▸ **Problem statement**
Quote every line of the data below as it stands, omitting pictures.

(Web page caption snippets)
........

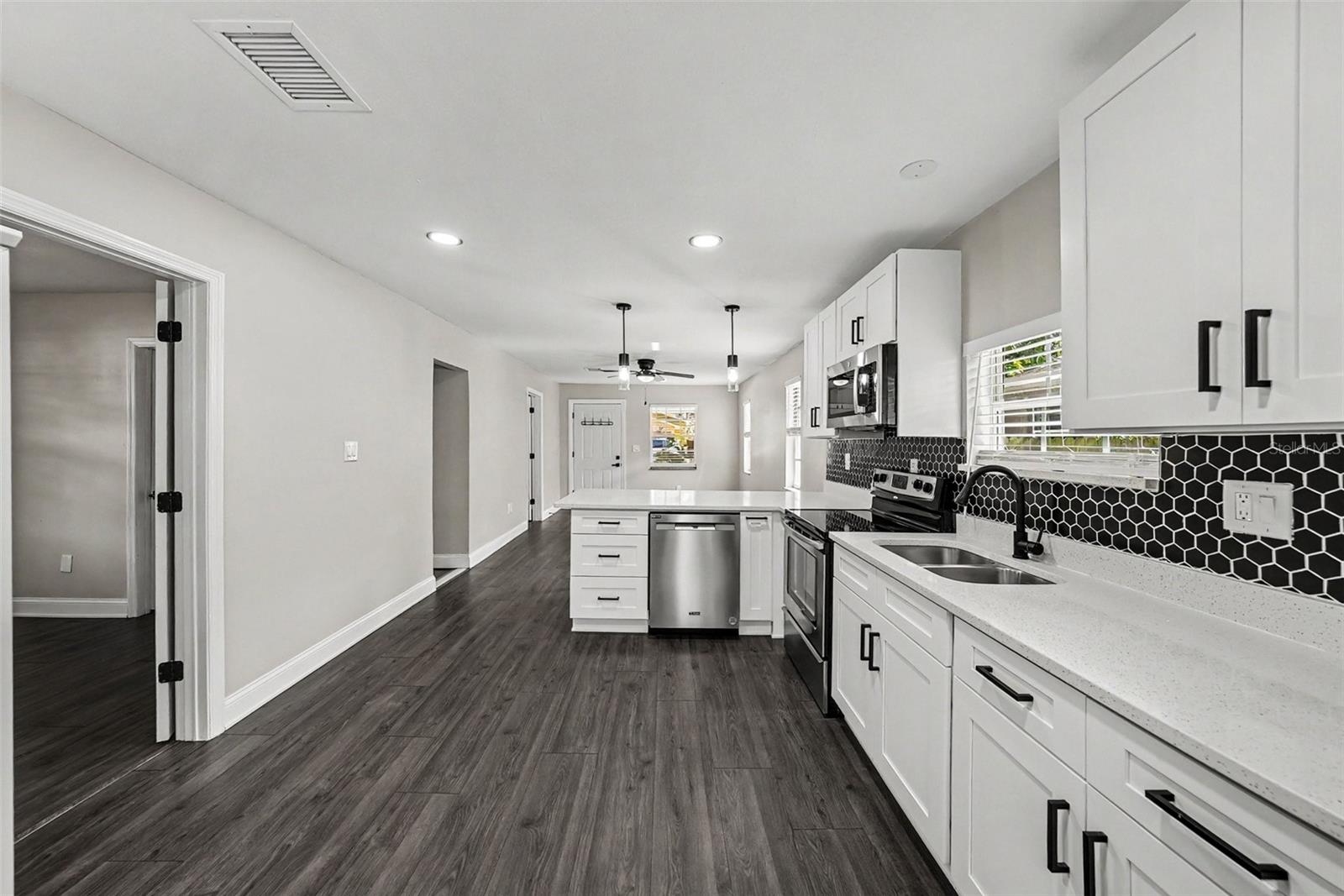 NEBRASKA HEIGHTS - Residential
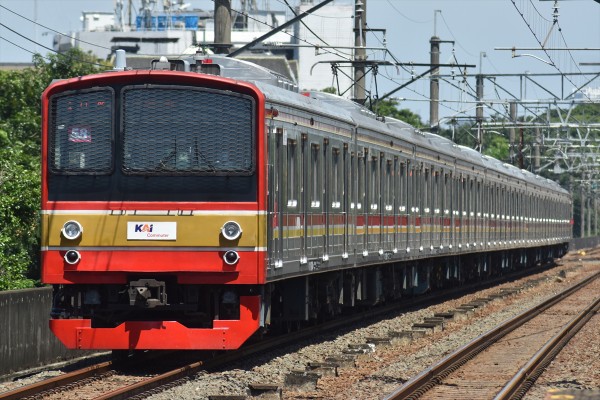 レア貴重?205系武蔵野線M18編成暫定10連化(6M4T) : JABODETABEK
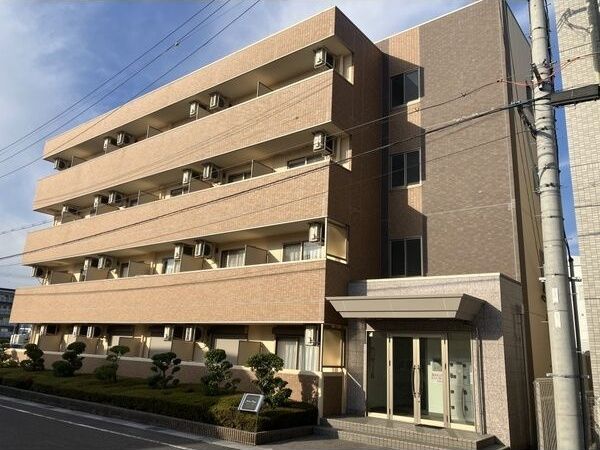 カルムパーチェスの外観画像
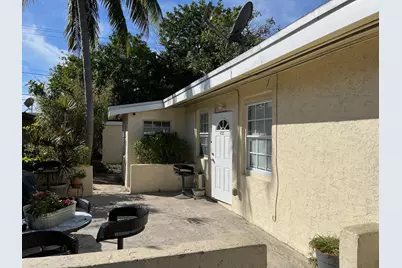 1025 N H Street, Lake Worth Beach, FL 33460 - Photo 4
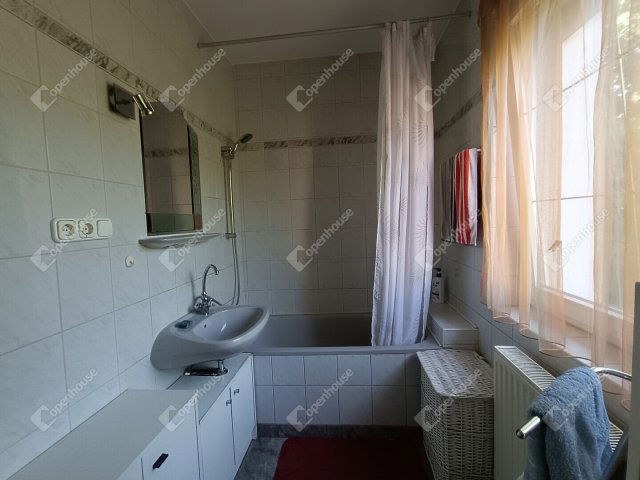 Eladó családi ház, Sopronban 129 M Ft, 7 szobás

........

▸ **Response**
 NEBRASKA HEIGHTS - Residential
 レア貴重?205系武蔵野線M18編成暫定10連化(6M4T) : JABODETABEK
 カルムパーチェスの外観画像
 1025 N H Street, Lake Worth Beach, FL 33460 - Photo 4
 Eladó családi ház, Sopronban 129 M Ft, 7 szobás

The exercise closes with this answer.